Canola, a variety of rapeseed, is already commercial, but others are still experimental. Buffalo gourd, a Mojave Desert native that only has to be planted once, can yield lubricating oil and alcohol fuel. Guayule yields rubber. Tepary beans can live on the scantest of rain.

And 1,000 acres of a prolific little plant known as kenaf will grow in the San Joaquin Valley this year. An African native now grown worldwide, researchers say kenaf makes a newsprint so absorbent it keeps readers’ hands cleaner. It’s also a natural for environmentally correct packing material, carpet backing, clothing fiber and food.

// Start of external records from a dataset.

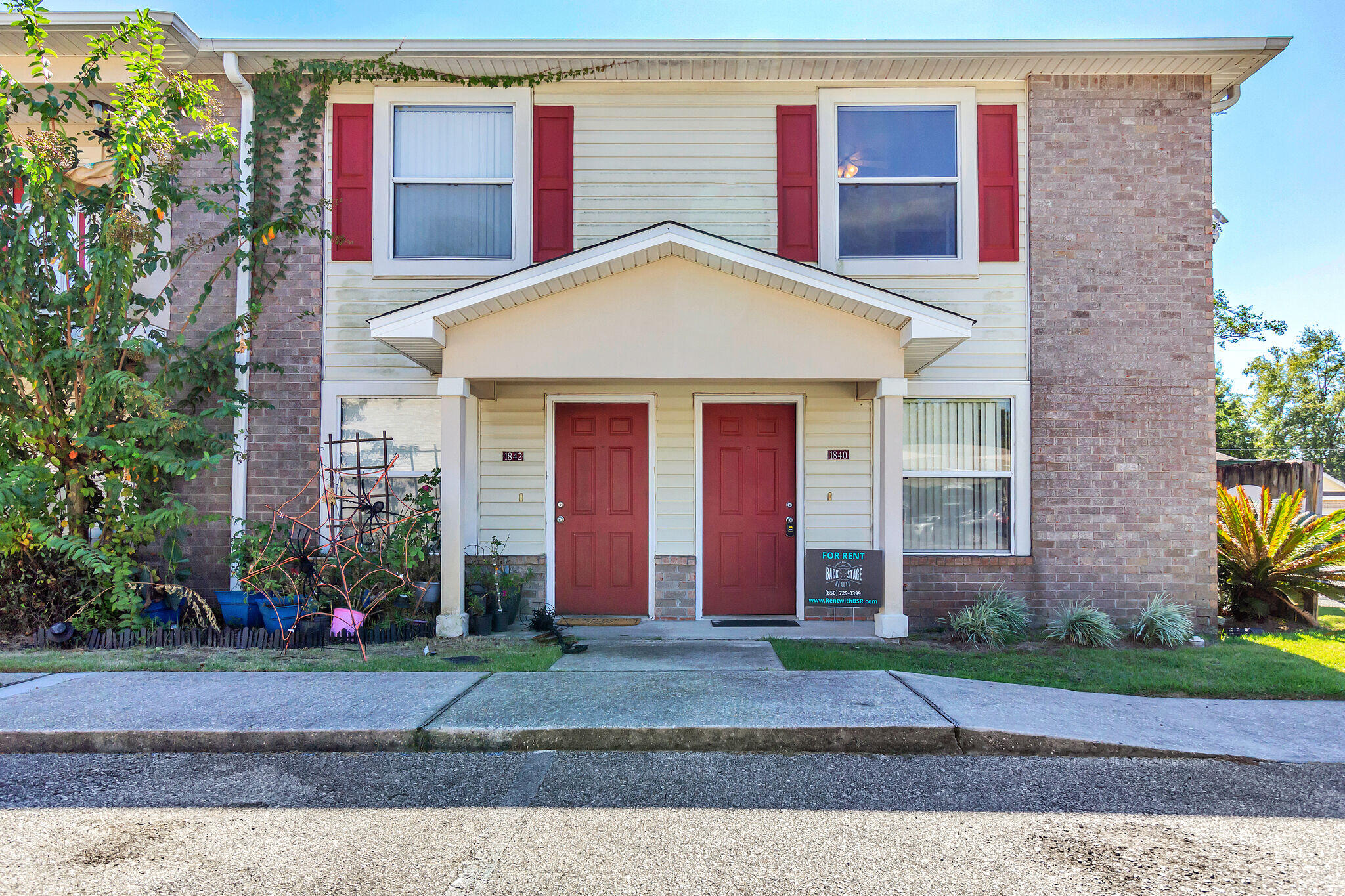 a view of a brick house with large windows plants and large tree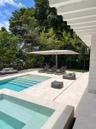 Outdoor space featuring a swimming pool with integrated spa, light-toned stone decking, wood-finish perimeter fencing, and a white pergola structure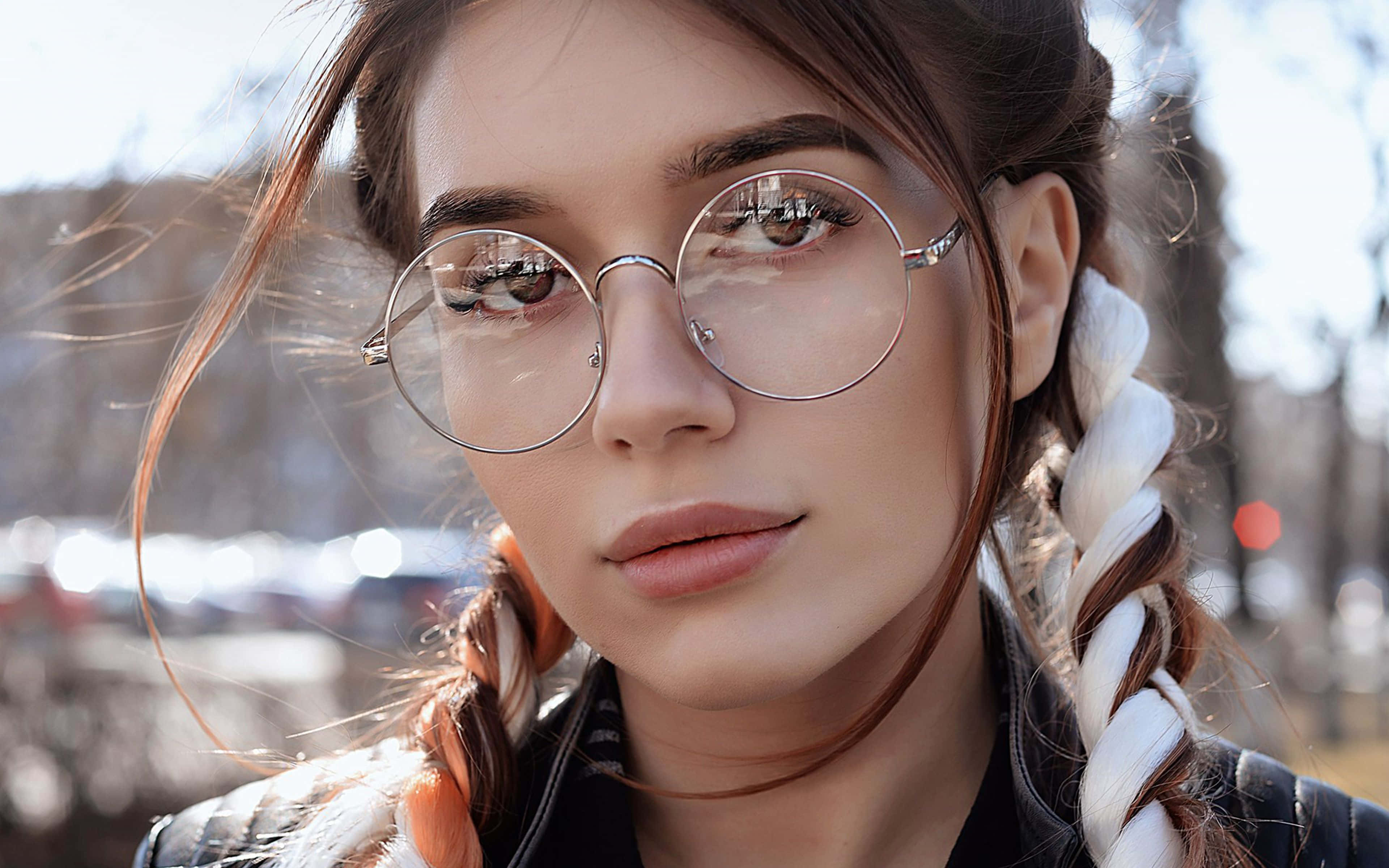 Dua Lipa 桌布 壁紙 — 一位戴圓框眼鏡、辮子頭髮的年輕女性在明亮的陽光下溫柔地凝視戶外。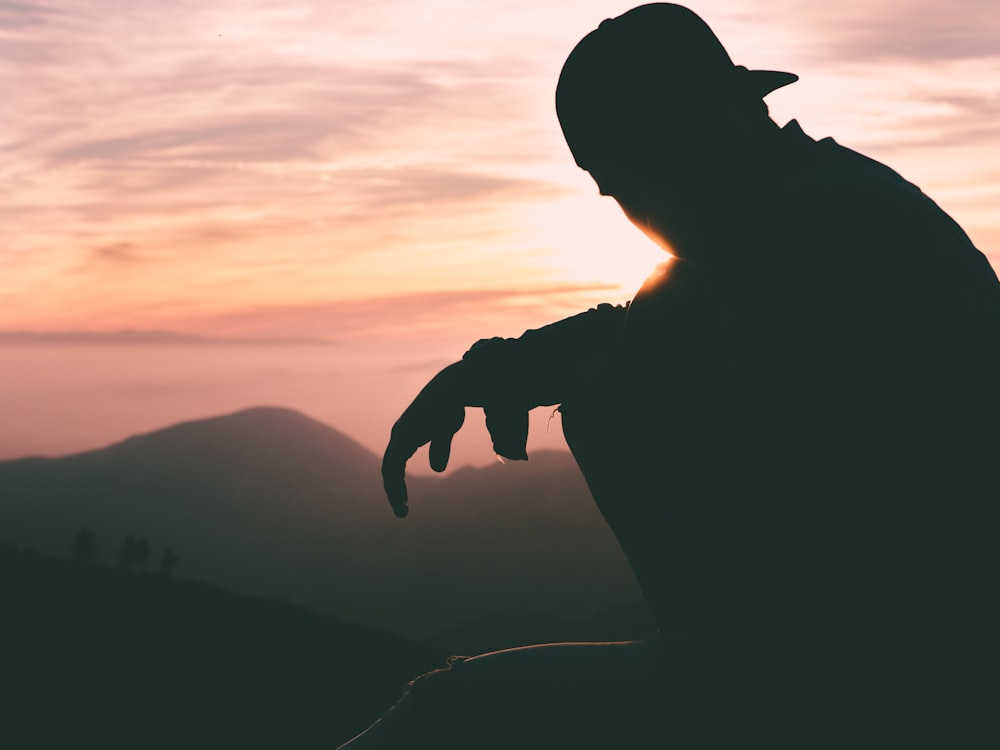 silhouette of person wearing cap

Change doesn’t always come easily in farming. The National Research Council, which advises the government on science issues, said in a 1989 study that “federal policies work against environmentally benign practices and the adoption of alternative agricultural systems.” Steve Shaffer, the alternative crop expert at the California Department of Agriculture, explains that farmers who get federal subsidies and below-market water for existing crops have no incentive to grow things that make more sense in a desert.

There isn’t much money for research, either. Shaffer is working off a two-year grant of just $115,000, his entire budget. Perhaps 15% of the $82-million University of California budget for agriculture and natural resources research is spent on water conservation, but mostly to improve existing crops. That’s important, but some researchers are convinced that the potential of alternatives is great too.

“California could produce 25% to 30% of its energy needs from biomass, from agricultural products, without affecting our price of food,” Shaffer asserts.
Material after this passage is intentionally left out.